Así cantaba Mawlānā Rumi, profundamente absorto en su amor por Shams-e Tabrizi, en quién veía manifestarse el brillo de lo Divino y que le transportaba a los más elevados éxtasis de amor y de anonadamiento.
Konya, el antiguo Iconium, ha sido por mucho tiempo —setecientos cincuenta años, para ser exactos— un centro espiritual, no sólo para la tariqa Mevlevi sino también para millones de personas del mundo persa que reconocen al Masnawi de Mawlānā Rumi como «el Qorán en lengua persa», como dijo Ŷāmi, y que han comentado sus versos en persa, en turco, en urdu, en sindhi y en otras muchas lenguas orientales. A partir del siglo diecinueve, la imaginación de algunos orientalistas occidentales, entusiasmados además por la poesía persa, se dirigió hacia esta modesta ciudad de la Anatolia central. La visité por primera vez en la primavera de 1952, yo sola, y la encontré envuelta en una romántica tristeza. Una tormenta hizo que las flores se abrieran; de repente la polvorienta ciudad se llenó de la fragancia de los macizos de iğde, y se cubrió con un maravilloso velo de fresco verdor —«adornos paradisíacos», llamaba Mawlānā a las hojas tiernas—, pues los jardines, en aquella época, llegaban casi hasta el centro de la ciudad. La majestuosa mezquita Alaettin sobre su colina, donde estuvo en tiempos el castillo Seljukida que custodiaba Konya, me impresionó por su tamaño y su noble sencillez, pero, en cambio, las dos madrazas más famosas, la madraza Karatay (1251) y la Ince Minareli (1258) (ambas levantadas en la época en que Mawlānā enseñaba en la ciudad) no estaban entonces muy bien conservadas. Sólo a principios del siguiente año, fue renovada la parte histórica de Konya gracias a los esfuerzos del por aquel entonces director del Museo Mawlānā, Mehmet Onder; las hermosas madrazas se convirtieron en atractivos museos, y el oloroso jardín alrededor del mausoleo —ahora museo— recobró su antiguo esplendor, como lo hizo el área alrededor del Maqām de Shams-e Tabrizi, situado cerca del lugar donde se hallaba la casa de Mawlānā —la casa de la que fue sacado Shams una fría noche de diciembre para no volver nunca más...

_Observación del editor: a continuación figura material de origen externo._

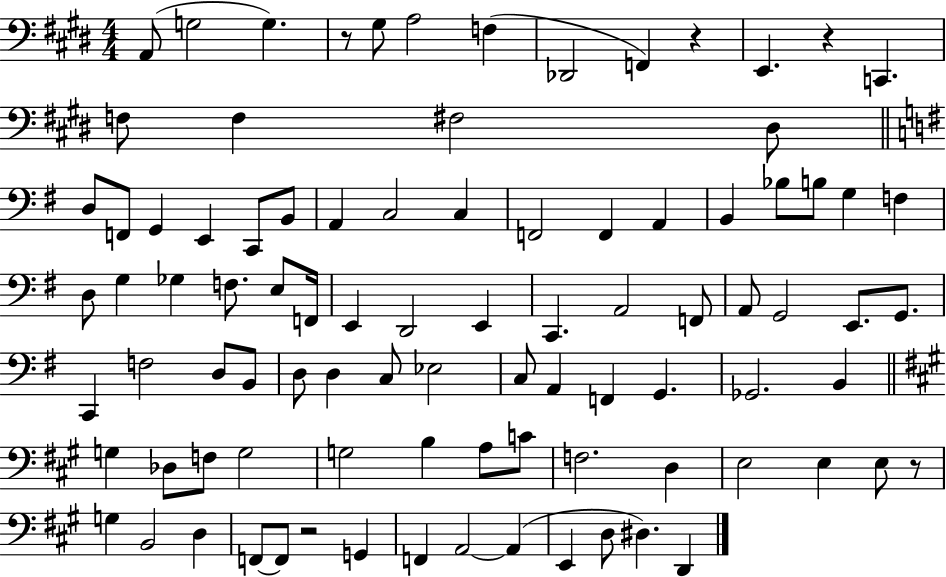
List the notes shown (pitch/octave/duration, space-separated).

A2/e G3/h G3/q. R/e G#3/e A3/h F3/q Db2/h F2/q R/q E2/q. R/q C2/q. F3/e F3/q F#3/h D#3/e D3/e F2/e G2/q E2/q C2/e B2/e A2/q C3/h C3/q F2/h F2/q A2/q B2/q Bb3/e B3/e G3/q F3/q D3/e G3/q Gb3/q F3/e. E3/e F2/s E2/q D2/h E2/q C2/q. A2/h F2/e A2/e G2/h E2/e. G2/e. C2/q F3/h D3/e B2/e D3/e D3/q C3/e Eb3/h C3/e A2/q F2/q G2/q. Gb2/h. B2/q G3/q Db3/e F3/e G3/h G3/h B3/q A3/e C4/e F3/h. D3/q E3/h E3/q E3/e R/e G3/q B2/h D3/q F2/e F2/e R/h G2/q F2/q A2/h A2/q E2/q D3/e D#3/q. D2/q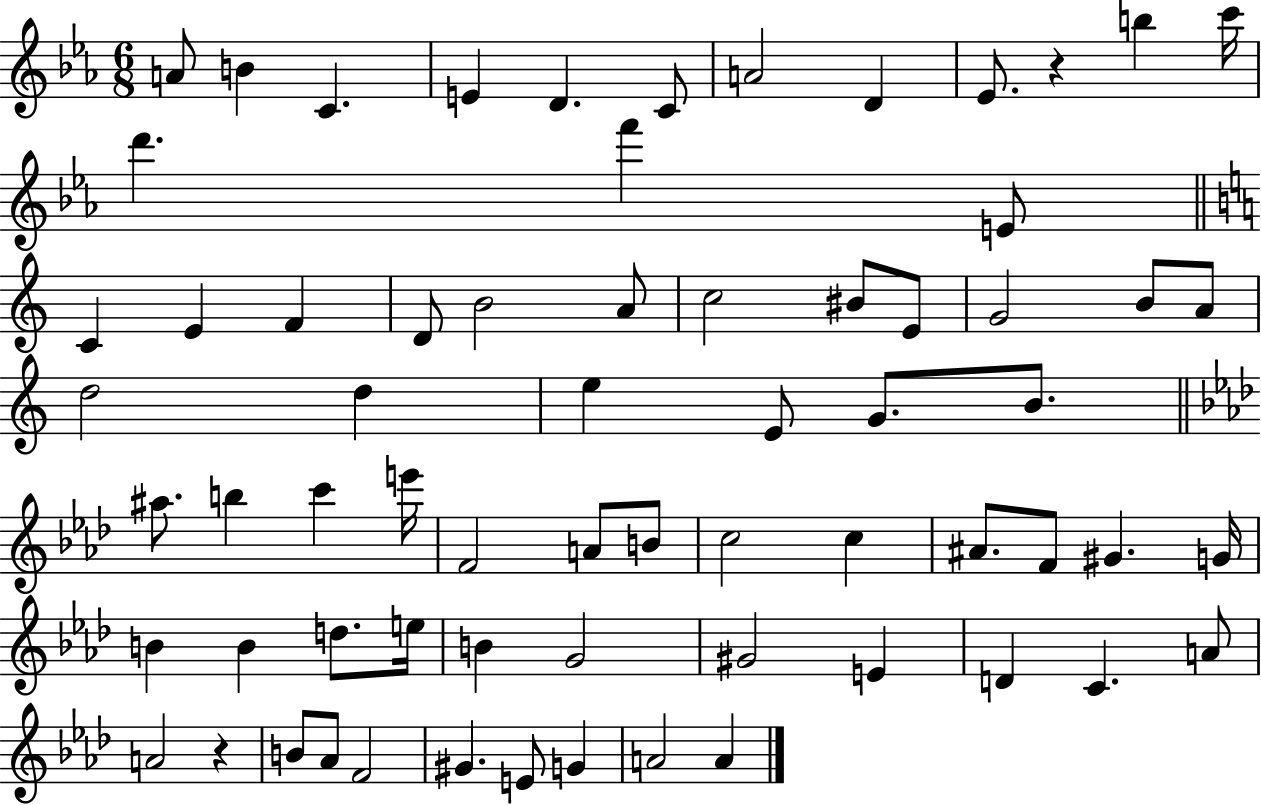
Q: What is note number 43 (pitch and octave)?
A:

El 17 de diciembre de 1954, el ‘ors, el aniversario de la muerte de Mawlānā, se celebró por vez primera después de que Ataturk cerrara los centros sufíes en 1925, y asistimos a la primera celebración delsamā de los Mevlevi, el giro de los antiguos miembros de la tariqa, que no se habían reunido desde hacía veintinueve años y que fueron embargados por una alegría celestial en esta ocasión. Fue una de las grandes experiencias de mi vida, el participar en esta celebración, que desde luego abrió ante mí nuevas perspectivas y me ayudó a ahondar en la comprensión de su tarea.

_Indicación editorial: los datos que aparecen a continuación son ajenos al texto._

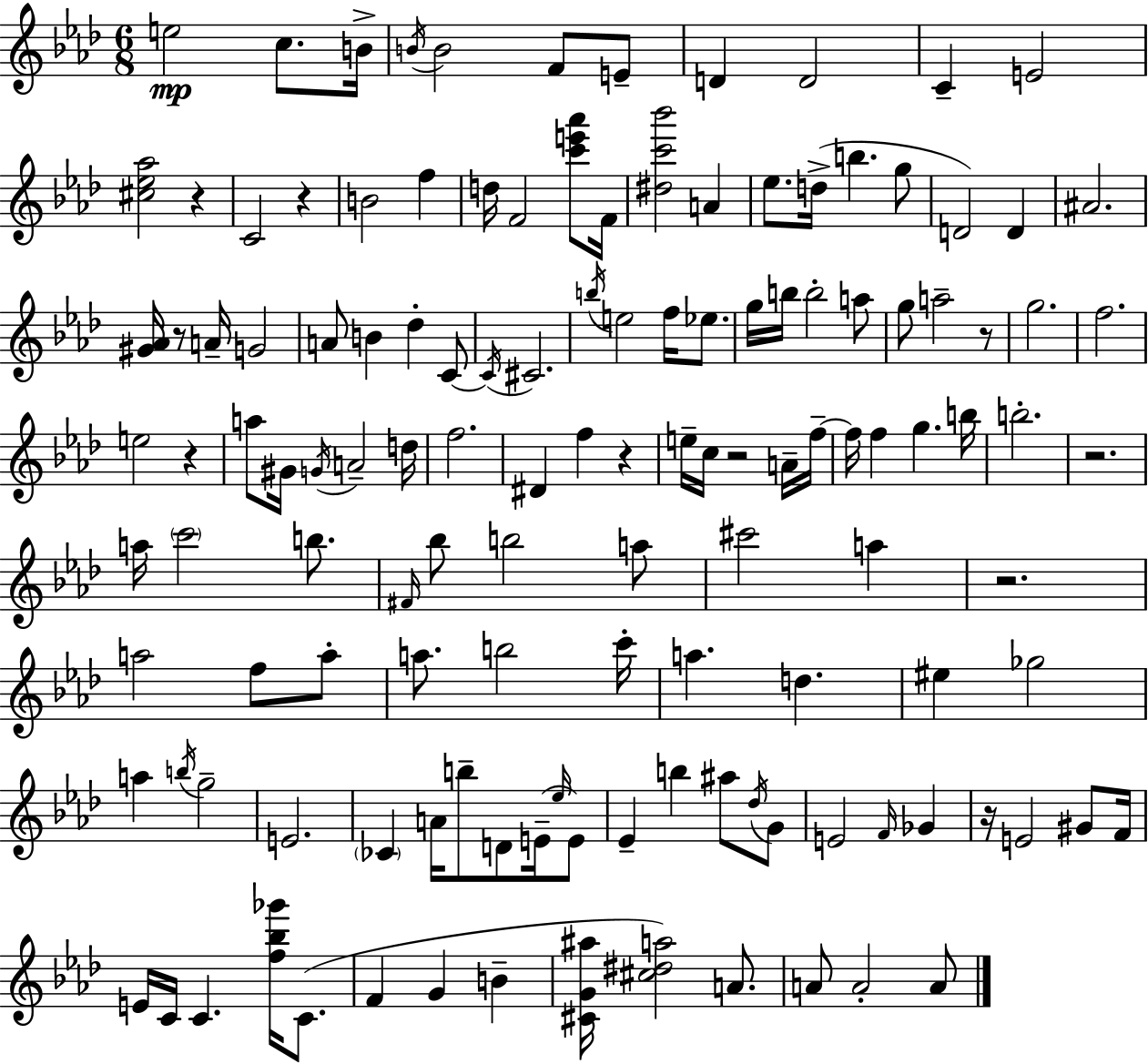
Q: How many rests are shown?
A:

Mawlānā Rumi es un poeta místico de tal calado que, incluso después de haber estado estudiando sus obras durante más de cuarenta años, el lector encuentra cada vez nuevos significados, metáforas frescas, que aparentemente no habían atraído, hasta entonces, su interés, ni el de ninguna otra persona... Tanto el Diwān-e kabir como el Masnawi, son tesoros inagotables de sabiduría espiritual, pero también relatan experiencias de la vida humana (y animal). Mawlānā conoció la vida en todos sus aspectos; es su fuerza la que consigue transformar incluso las más humildes manifestaciones de este mundo en símbolos de algo más elevado, en señales que apuntan a una Realidad más honda y verdadera —de la misma forma en que el sol transforma, según las antiguas creencias, los guijarros en rubíes. Es este lado humano de Mawlānā el que ha mantenido su poesía fresca durante tanto tiempo, aun cuando él mismo bromeara acerca de ella diciendo que era «como el pan egipcio (nān-e mesri)», que tiene que comerse mientras está fresco porque al día siguiente ya se queda duro. Su poesía, sin embargo, nunca envejece, porque no se trata de un conjunto abstracto de enseñanzas filosóficas o teosóficas, sino de la expresión de una experiencia de amor que todo lo impregna.
Mausoleo de Mawlānā Rumi en la ciudad de Konya (Turquía)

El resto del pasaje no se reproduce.